Let's find some rich people to pick on
I liked it when the government banned fox hunting. It put us on the side of the millions of people whose care deeply about animal welfare, and put the Tories on the side of a grotesque collection of sadists whose behaviour revolted even people who didn't care about the issue itself.
Part of the business of governing is about taking difficult decisions, running services well and communicating effectively. But being able to show what we are against, as well as what we are for, is also important, particularly when the opposition has given up on saying what they really think in the quest for power. Or, in other words, let's find some rich people to pick on.
People who live in Chelsea and drive big cars are one local example for London - their behaviour is anti-social and harmful, most people think that charging them more is a good idea, but they are powerful and rich enough to be able to make sure that they get plenty of local media attention and the support of the local Tories, thus boosting significantly the chances of Labour success in the elections in 2008. Part of the response to climate change could be to identify other examples of harmful things which rich people like to do which could usefully be banned or taxed.

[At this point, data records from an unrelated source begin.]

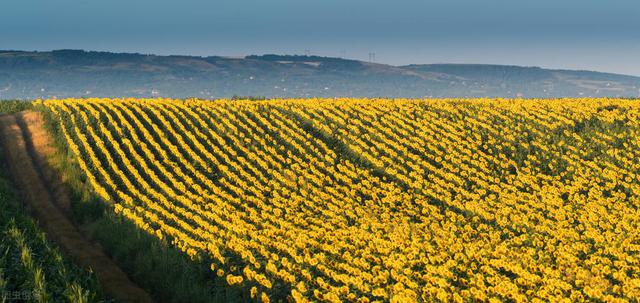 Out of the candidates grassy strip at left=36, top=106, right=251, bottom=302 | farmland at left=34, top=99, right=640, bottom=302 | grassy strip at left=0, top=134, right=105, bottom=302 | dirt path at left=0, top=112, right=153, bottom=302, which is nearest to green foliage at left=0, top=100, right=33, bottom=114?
dirt path at left=0, top=112, right=153, bottom=302

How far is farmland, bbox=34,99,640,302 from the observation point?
726 inches

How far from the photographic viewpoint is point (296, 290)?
17.2 m

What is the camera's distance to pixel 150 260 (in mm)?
21016

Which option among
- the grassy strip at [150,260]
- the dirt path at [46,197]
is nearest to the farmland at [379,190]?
the grassy strip at [150,260]

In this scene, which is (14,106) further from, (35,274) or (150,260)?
(35,274)

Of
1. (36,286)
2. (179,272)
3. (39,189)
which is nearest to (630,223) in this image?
(179,272)

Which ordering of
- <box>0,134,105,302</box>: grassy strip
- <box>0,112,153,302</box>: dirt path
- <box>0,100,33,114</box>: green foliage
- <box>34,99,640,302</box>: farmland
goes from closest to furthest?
1. <box>0,134,105,302</box>: grassy strip
2. <box>34,99,640,302</box>: farmland
3. <box>0,112,153,302</box>: dirt path
4. <box>0,100,33,114</box>: green foliage

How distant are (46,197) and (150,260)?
12618 millimetres

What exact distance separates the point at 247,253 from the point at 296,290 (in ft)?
8.71

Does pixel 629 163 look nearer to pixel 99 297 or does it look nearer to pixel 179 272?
pixel 179 272

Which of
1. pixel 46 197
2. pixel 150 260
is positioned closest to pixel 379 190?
pixel 150 260

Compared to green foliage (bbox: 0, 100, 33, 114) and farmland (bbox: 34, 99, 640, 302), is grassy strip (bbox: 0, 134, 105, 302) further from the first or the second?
green foliage (bbox: 0, 100, 33, 114)

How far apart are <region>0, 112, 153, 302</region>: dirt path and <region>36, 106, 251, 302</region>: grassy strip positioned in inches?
15.1

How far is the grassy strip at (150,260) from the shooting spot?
18.3 metres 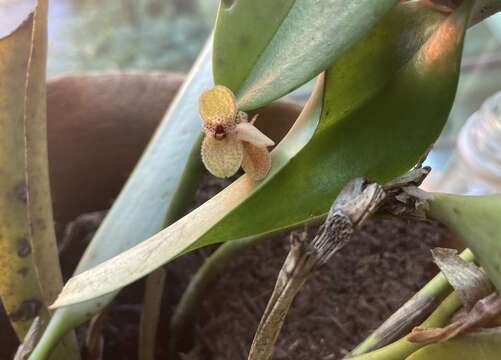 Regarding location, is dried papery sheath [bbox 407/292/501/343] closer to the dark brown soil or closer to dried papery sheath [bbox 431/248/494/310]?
dried papery sheath [bbox 431/248/494/310]

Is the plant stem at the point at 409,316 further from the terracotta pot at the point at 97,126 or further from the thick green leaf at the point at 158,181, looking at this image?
the terracotta pot at the point at 97,126

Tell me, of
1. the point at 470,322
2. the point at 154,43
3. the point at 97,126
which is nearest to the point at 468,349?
the point at 470,322

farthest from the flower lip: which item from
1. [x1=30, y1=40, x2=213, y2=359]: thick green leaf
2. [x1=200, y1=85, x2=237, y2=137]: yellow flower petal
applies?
[x1=30, y1=40, x2=213, y2=359]: thick green leaf

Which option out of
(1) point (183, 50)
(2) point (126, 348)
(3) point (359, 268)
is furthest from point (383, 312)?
(1) point (183, 50)

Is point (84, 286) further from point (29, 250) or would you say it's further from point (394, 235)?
point (394, 235)

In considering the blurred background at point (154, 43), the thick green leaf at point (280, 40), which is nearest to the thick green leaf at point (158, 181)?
the thick green leaf at point (280, 40)

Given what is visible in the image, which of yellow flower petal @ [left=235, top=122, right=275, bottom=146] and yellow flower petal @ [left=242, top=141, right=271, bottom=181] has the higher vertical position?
yellow flower petal @ [left=235, top=122, right=275, bottom=146]

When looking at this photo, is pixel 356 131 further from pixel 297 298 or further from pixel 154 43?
pixel 154 43
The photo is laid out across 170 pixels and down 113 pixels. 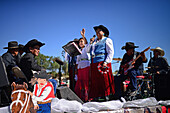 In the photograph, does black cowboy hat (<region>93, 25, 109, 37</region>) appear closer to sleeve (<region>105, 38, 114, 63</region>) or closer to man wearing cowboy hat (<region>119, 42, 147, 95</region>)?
sleeve (<region>105, 38, 114, 63</region>)

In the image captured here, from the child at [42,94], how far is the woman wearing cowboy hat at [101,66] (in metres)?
2.16

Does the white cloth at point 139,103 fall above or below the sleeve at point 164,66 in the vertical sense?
below

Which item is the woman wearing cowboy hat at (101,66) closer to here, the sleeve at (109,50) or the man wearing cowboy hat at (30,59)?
the sleeve at (109,50)

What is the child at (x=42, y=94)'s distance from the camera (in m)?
2.68

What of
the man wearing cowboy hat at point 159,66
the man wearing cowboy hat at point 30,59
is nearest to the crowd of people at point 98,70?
the man wearing cowboy hat at point 159,66

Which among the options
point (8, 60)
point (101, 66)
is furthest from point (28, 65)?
point (101, 66)

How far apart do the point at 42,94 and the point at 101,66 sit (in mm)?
2310

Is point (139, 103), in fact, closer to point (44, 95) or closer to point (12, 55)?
point (44, 95)

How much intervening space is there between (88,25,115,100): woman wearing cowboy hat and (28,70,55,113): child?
7.08ft

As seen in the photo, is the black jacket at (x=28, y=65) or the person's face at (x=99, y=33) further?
the person's face at (x=99, y=33)

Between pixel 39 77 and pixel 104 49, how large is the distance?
246 centimetres

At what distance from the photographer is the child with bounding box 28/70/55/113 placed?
2.68m

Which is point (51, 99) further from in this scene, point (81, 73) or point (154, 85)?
point (154, 85)

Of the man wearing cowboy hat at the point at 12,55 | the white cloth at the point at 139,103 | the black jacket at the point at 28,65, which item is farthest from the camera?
the man wearing cowboy hat at the point at 12,55
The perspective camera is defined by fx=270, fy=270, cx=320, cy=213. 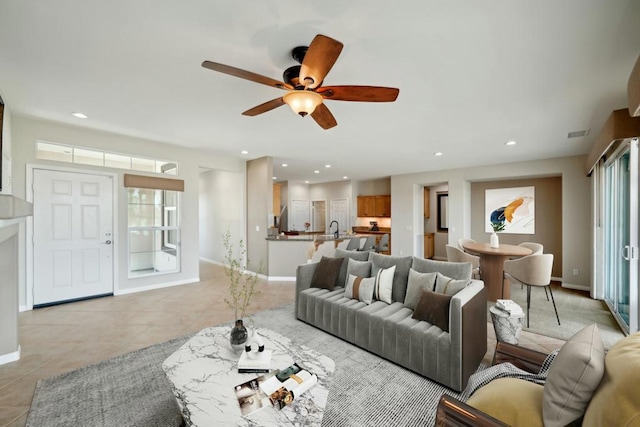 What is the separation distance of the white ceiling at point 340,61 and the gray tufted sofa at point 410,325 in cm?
186

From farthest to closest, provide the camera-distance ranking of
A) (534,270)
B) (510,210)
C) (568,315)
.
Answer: (510,210) < (568,315) < (534,270)

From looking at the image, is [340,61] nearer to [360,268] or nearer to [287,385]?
[360,268]

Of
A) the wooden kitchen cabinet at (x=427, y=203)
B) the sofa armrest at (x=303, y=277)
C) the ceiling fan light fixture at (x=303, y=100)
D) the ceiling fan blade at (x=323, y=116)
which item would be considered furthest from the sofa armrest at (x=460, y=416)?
the wooden kitchen cabinet at (x=427, y=203)

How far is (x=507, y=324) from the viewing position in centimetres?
255

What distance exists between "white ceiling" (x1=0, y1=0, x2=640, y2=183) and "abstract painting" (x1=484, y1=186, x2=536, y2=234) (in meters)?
2.91

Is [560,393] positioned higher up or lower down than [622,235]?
lower down

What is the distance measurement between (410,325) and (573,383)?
138 cm

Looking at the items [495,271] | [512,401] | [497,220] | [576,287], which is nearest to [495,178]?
[497,220]

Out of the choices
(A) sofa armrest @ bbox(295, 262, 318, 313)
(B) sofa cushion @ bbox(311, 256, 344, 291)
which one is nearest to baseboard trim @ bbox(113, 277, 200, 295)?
(A) sofa armrest @ bbox(295, 262, 318, 313)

Another example are the people who have got rich by buying up houses and renting them out. They have made a massive windfall profit, often without doing any work beyond contacting a lettings agency to manage the business of letting and managing their property for them. Some landlords are conscientious, but everyone knows examples of landlords who behave badly towards their tenants, or let their properties fall into disrepair and havens for anti-social behaviour. There are all sorts of good uses that a levy of their excessive profits could be put to like increasing the energy efficiency of homes through better insulation or building more affordable housing, but whatever the money gets spent on, the simple process of taking it away from people whose wealth has increased massively in the past 5-10 years and who own lots of homes would help to reduce inequality.
I don't know how representative this is, but where I used to live, the problems caused by houses owned by bad landlords came out as the second most important issue for people after crime, and something like 98% wanted more action to be taken against bad landlords (I suspect that this is slightly more likely to be seen as a priority in the South East than elsewhere). At the same time, I think the landlords' lobby is probably quite influential and I would bet that quite a few Tories have done their fair bit of profiting through buy-to-let, so hopefully they would prove to be opposition as worthy as the Countryside Alliance.